[REQUIRED ACTION]
Reproduction of part of the material below, pictures omitted: copy exactly, and only, the lines starting with the one with "Orologio cronografo solare" and going on through the one with "20年雪佛兰科鲁泽轿车抵押车出售".

[EXERCISE DATA]
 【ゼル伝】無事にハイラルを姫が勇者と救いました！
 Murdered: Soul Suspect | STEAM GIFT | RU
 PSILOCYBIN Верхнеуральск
* * *
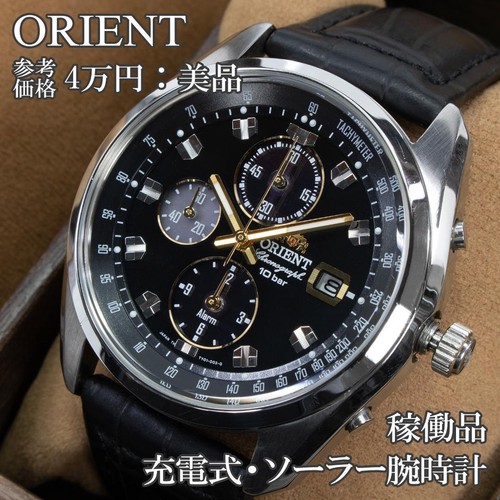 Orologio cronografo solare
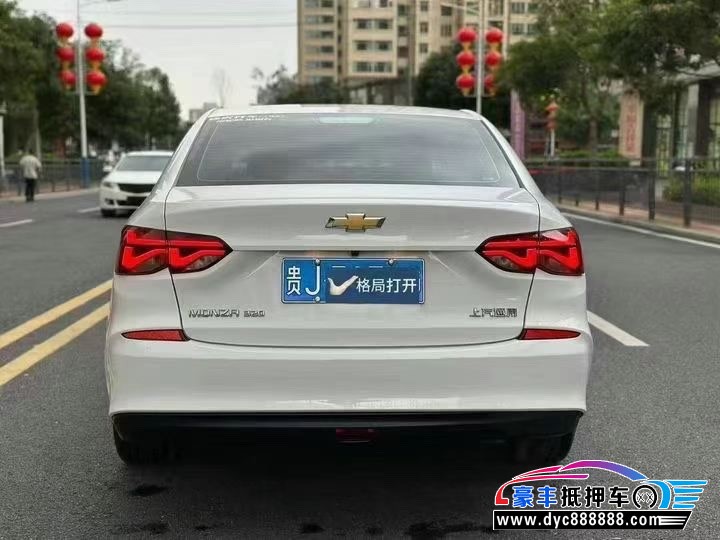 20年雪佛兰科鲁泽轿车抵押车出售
==
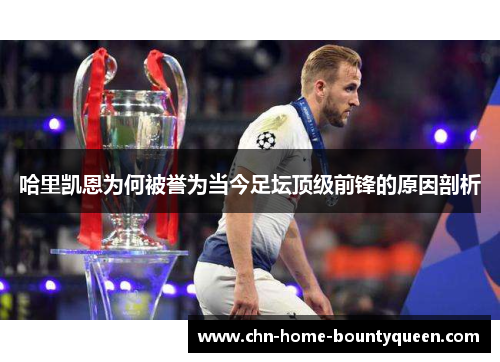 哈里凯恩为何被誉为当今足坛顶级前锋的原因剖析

[TASK RESPONSE]
 Orologio cronografo solare
 20年雪佛兰科鲁泽轿车抵押车出售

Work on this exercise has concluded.